This video documents the early stages of sessile droplet evaporation in a preparation containing plain lignocaine combined with fluorescein and crystal violet under dark field microscopy. The addition of the dyes does not simply increase visual contrast. It also helps reveal the emergence of boundaries, gradients, colloidal domains, vesicular organisation, and evolving phase relationships within the droplet as evaporation proceeds.

The sequence became important because it provided a comparatively simple and visually readable soft matter system in which organisation could be followed over time. Unlike the more colloidally dense Pfizer preparations, the lignocaine preparations often began as microscopically clear liquids before progressively developing visible internal structure. The video therefore serves as an accessible introduction to many of the broader themes explored throughout the atlas series, including boundary formation, phase transition, distributed organisation, and the emergence of recurring structural motifs within evolving soft matter systems.

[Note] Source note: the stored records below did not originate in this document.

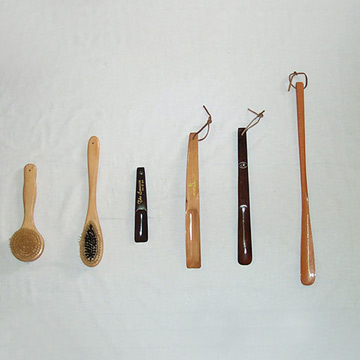  Shoehorns & Clothes Brushes ()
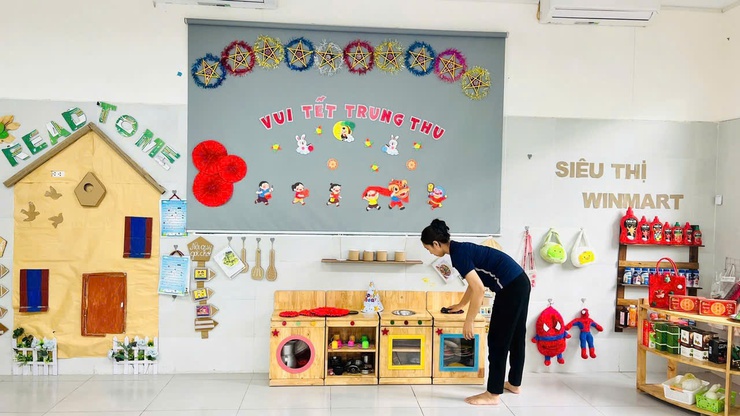 CÁN BỘ, GIÁO VIÊN, NHÂN VIÊN TRƯỜNG MẦM NON CỔ NHUẾ 2 TÍCH CỰC VỆ SINH MÔI TRƯỜNG SAU MƯA BÃO- Ảnh 2.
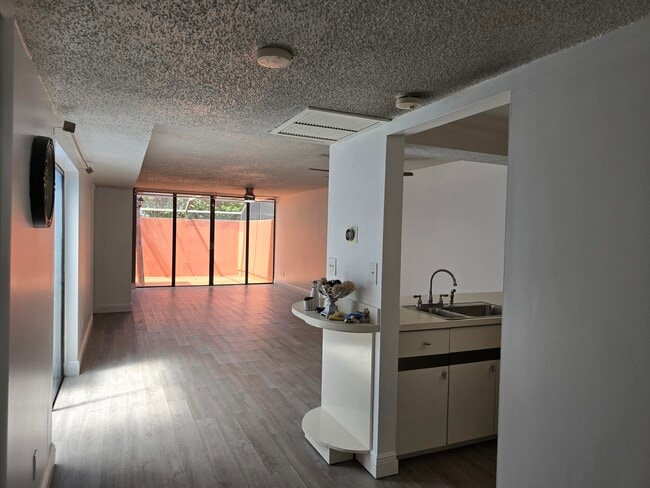 Building Photo - 10343 Greenhouse Rd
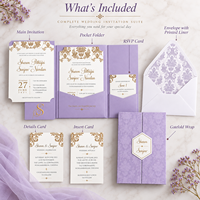 Suite d'invitations de mariage personnalisées en damassé lavande avec carte pliée à pochette dorée et doublure d'enveloppe RSVP – Vente en gros fabricant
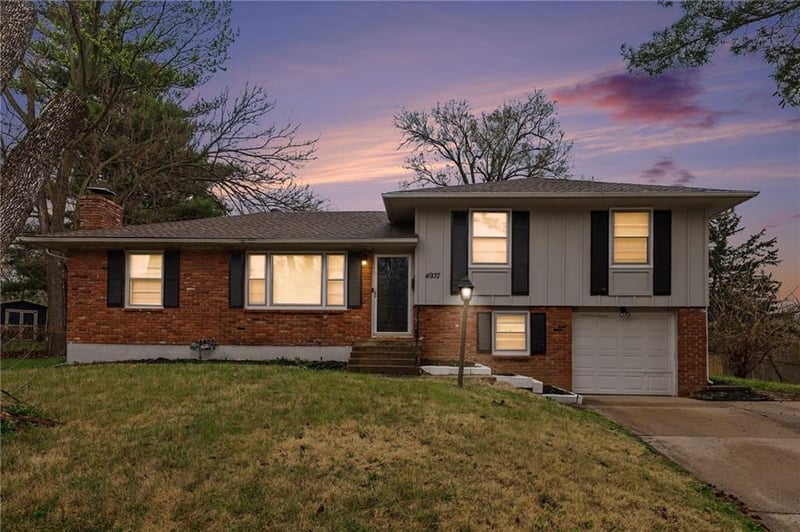 4937 Overton Ave, Kansas City, MO 64133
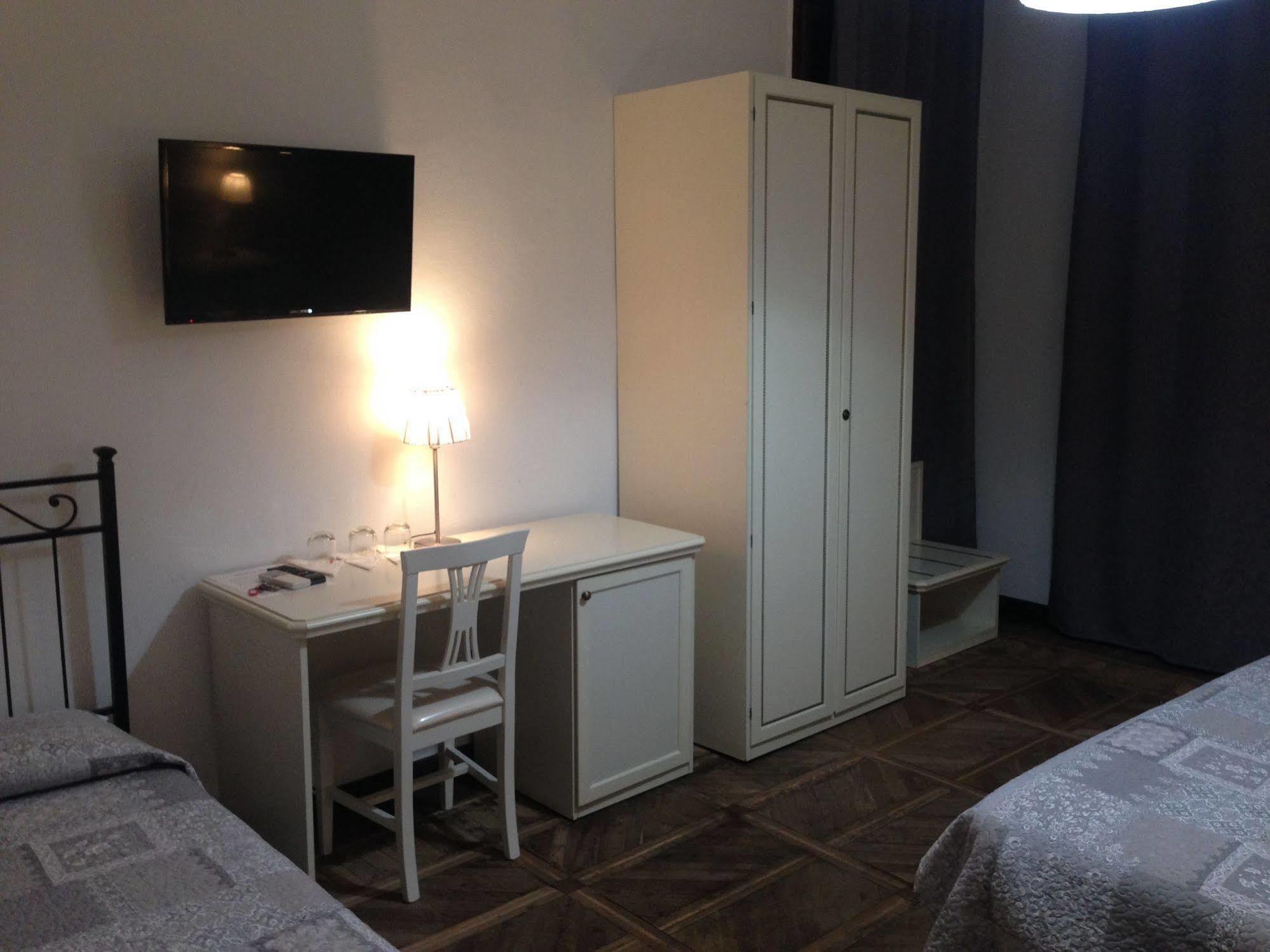 Guest House Loredana Venice Exterior photo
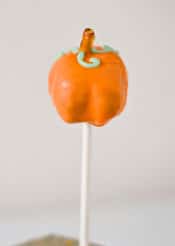 Pumpkin shaped OREO ball pops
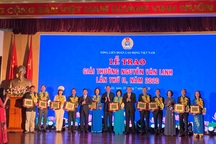 10 cán bộ Công đoàn xuất sắc nhận Giải thưởng Nguyễn Văn Linh lần 2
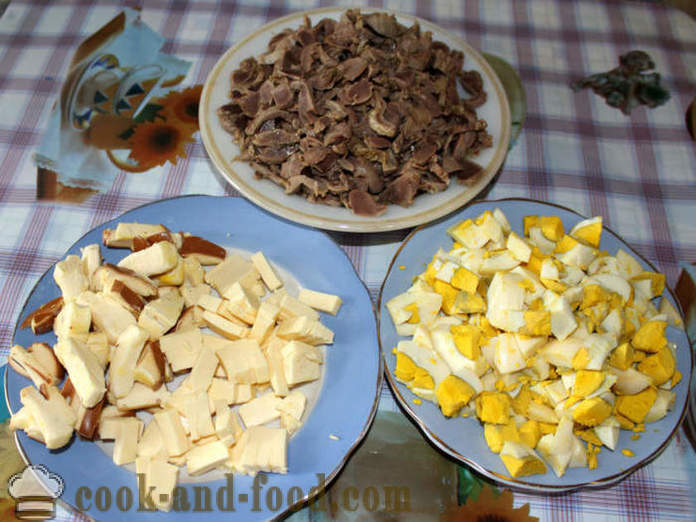Σαλάτα με τυρί λουκάνικο και κοτόπουλο navels - πώς να κάνει μια σαλάτα από το στομάχι και το τυρί, με μια βήμα προς βήμα φωτογραφίες συνταγή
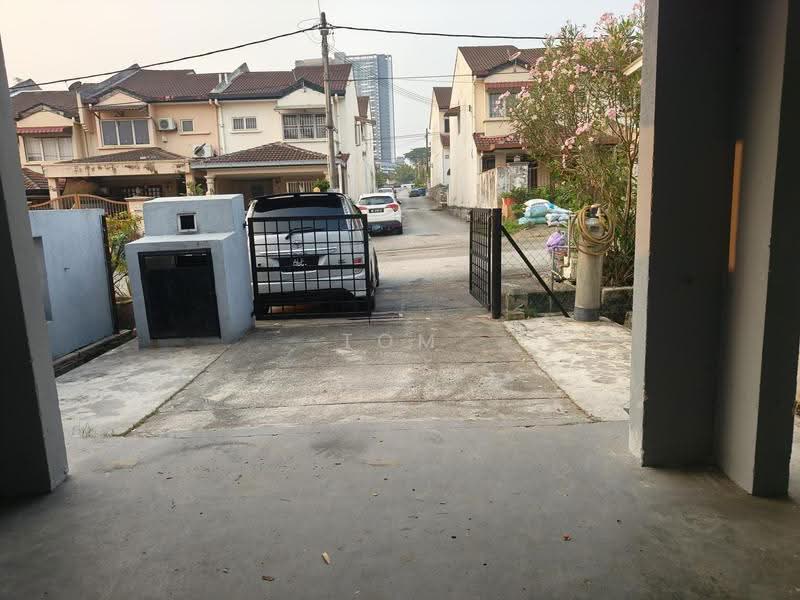 2-storey Terraced House for Sale in Bandar Putra Permai (Seri Kembangan) - Tom Foo - Exterior - PropertyGuru.com.my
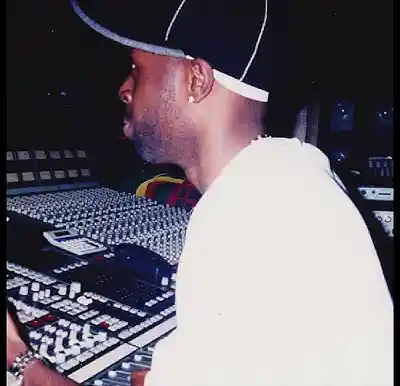Picture for song 'J. Dilla Type Beat - Doughnut & Dreams' by artist 'Unfamiliar Beats'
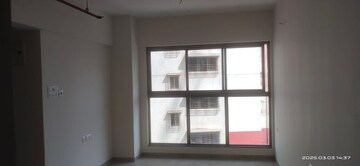 Room in 2 BHK Apartment at Rajesh Raj Infinia, Malad West – for Rent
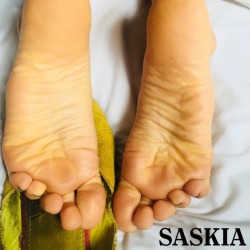 saskias-feet:  Like and Reblog if you want to cum on my soft sweet soles!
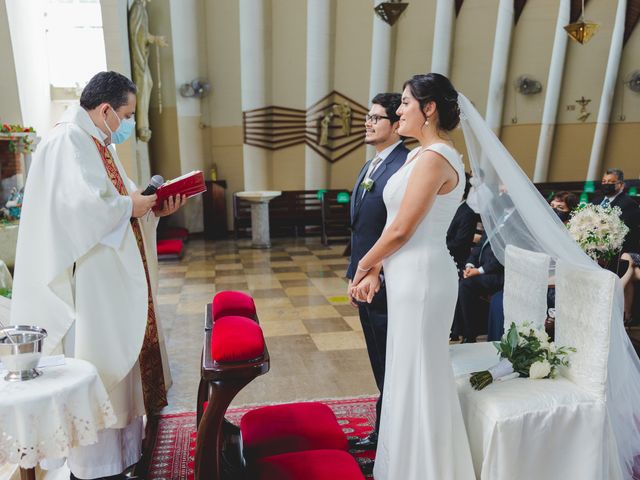 El matrimonio de Alvaro y Andrea en San Borja, Lima 32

This video presents the primary sessile droplet evaporation sequence from Atlas 1, accelerated approximately twenty-fold to allow the broader structural evolution to be viewed within a short time frame. The preparation began as a simple lignocaine droplet under dark field microscopy and progressively reorganised through multiple visible phases before ultimately forming the structure shown on the cover of Atlas 1.

As evaporation proceeds, the field undergoes continuous redistribution. Boundaries emerge, colloidal regions condense, vesicular and particulate domains reorganise, and increasingly coherent crystalline structures develop within the evolving matrix. Rather than appearing as a single abrupt event, the final structure arises gradually through a sequence of transitional states shaped by confinement, evaporation dynamics, local concentration gradients, and changing phase relationships within the droplet.

The sequence became foundational for the later work because it demonstrated that complex organisation could emerge within a comparatively simple and initially microscopically clear preparation. It also provided an accessible visual model for many of the recurring themes explored throughout the atlas series, including metastability, phase transition, distributed organisation, and the persistence of structural motifs across changing conditions.

This image shows the final structure formed at the end of the sessile droplet evaporation sequence shown above. What began as a microscopically clear lignocaine preparation progressively reorganised into a sharply bounded crystalline compartment with internal rectangular organisation, layered walls, rounded inclusions, and surrounding particulate or vesicular material. The image is important because it links the time-resolved process to the final architectural form, allowing the reader to see that the structure did not appear as a static object, but emerged through a sequence of visible phase transitions and material redistributions within the drying droplet.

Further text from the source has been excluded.